Kościół w Świętym Miejscu w 1926 r. Zbiory Mirosława Krejpowicza.

Poniżej fotografia kompanii pątniczej, co prawda z innej parafii, ale idealna, by zilustrować to, o czym napisałam powyżej. Tak mogły wyglądać kompanie udające się na odpust do Świętego Miejsca, a wyruszające z parafii kurpiowskich.

W 1911 r. taką grupę obserwował podróżujący po Puszczy Zielonej etnograf Kazimierz Moszyński. Kościół świętomiejski opisał jako malutki i niezmiernie brzydki. Czy współcześnie ktokolwiek tak określiłby kościół w Świętym Miejscu? Wątpię. A jednak Moszyński, może właśnie dlatego, że pisał pod pseudonimem „K. Ruski”, stwierdził, że Jest to drewniana stodoła, pokryta blaszanym malinowym dachem, z dwiema również blaszanymi wieżyczkami. Kościół w Przedwojewie, również cały z drewna, który oglądał wcześniej, zainteresował go bardziej. A przecież oba budynki wiele się nie różnią... Tak opisał widok, który ujrzał w Świętym Miejscu: Przed kościołem tłum ludzi, zamieszanie, pełno chorągwi, budki kramarzy, a ziemia zryta i zdeptana jak przed stajnią. Odpust, jak się patrzy! Po krótkiej modlitwie grupa ludzi odeszła ze śpiewem na ustach. Była to kompania z Lipy. Etnograf trafił też na grupę z Jednorożca, która maszerowała ze śpiewem i łoskotem bębnów.

Wymarsz kompanii z bębnami na pielgrzymkę z kościoła w Dąbrówce (powiat ostrołęcki), przed 1930 r. Źródło: A. Chętnik, Z kurpiowskich borów, Lwów 1930.

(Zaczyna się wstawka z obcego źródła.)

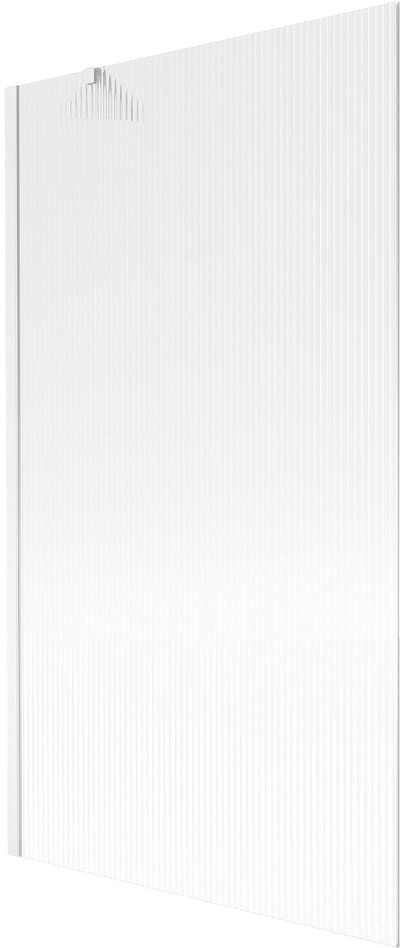 Mexen Next badwand scherm 1-delig 100 x 150 , lijnen, wit - 895-100-000-00-09-20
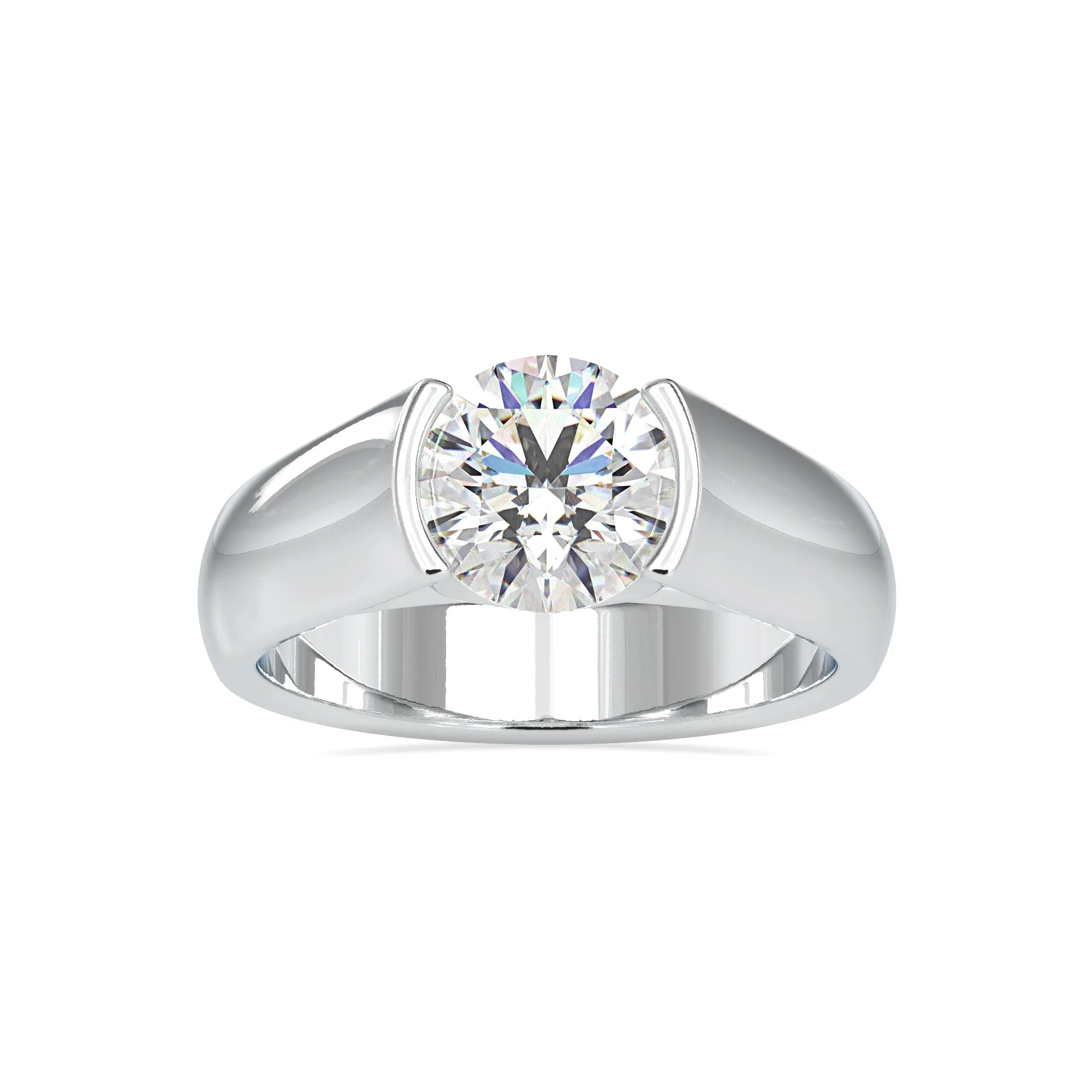 0.70cts. Solitaire Platinum Engagement Ring for Men JL PT 0184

W okresie zaborowym na pochody i pielgrzymki religijne zgodę wydawał tylko biskup, ale dopiero po powiadomieniu policji o czasie i miejscu akcji. W 1908 r. ministerstwo spraw wewnętrznych nakazało generał-gubernatorom, aby procesje odbywały się tylko z udziałem księdza i policjanta, by zapobiec manifestacjom patriotycznym, niesieniu emblematów świeckich i kolportowaniu broszur. Później, jak pisał W. Jemielity, „Zabroniono udziału orkiestry, noszenia sztandarów cechowych, chorągwi i flag świeckich, wygłaszania przemówień, rozdawania broszur i proklamacji treści religijnej, wykonywania hymnów o treści separatystycznej lub pieśni i modlitw na nutę hymnów narodowych [szczególnie pieśń Boże, coś Polskę – przyp. M.W.K.]. Za przekroczenie tych przepisów groziła kara pieniężna w wysokości 500 rubli lub trzy miesiące aresztu”.

Wedle Staszewskiego Kurpie mieli pielgrzymować tak często z powodu dużej ilości wolnego czasu, spowodowanej niechęcią do pracy. Należy jednak pamiętać, że w warunkach zaborowych pielgrzymowanie było utrudnione. Dopiero po 1905 r. rząd carski cofnął ograniczenia w pielgrzymowaniu na odpusty parafialne, które wiązały się z postrzeganiem ich jako okazji skupiających znaczną liczbę ludzi, co sprzyjało ujawnianiu nastrojów patriotycznych.

Święte Miejsce. Zdjęcie zapewne z okresu międzywojennego znalezione w Archiwum Allegro.

Tradycję pielgrzymek kontynuowano w okresie międzywojennym. Przed II wojną światową na odpusty do Świętego Miejsca w drugi dzień Zesłania Ducha Świętego i w Narodzenie NMP (Matki Bożej Siewnej) przychodziło nawet 20 tys. pielgrzymów. Parafianie z Jednorożca, wędrujący kompaniami w towarzystwie orkiestry strażackiej ze sztandarem, szli do Świętego Miejsca przez wieś Obórki. Wyruszano w dniu poprzedzającym odpust, nocowano w Świętym Miejscu.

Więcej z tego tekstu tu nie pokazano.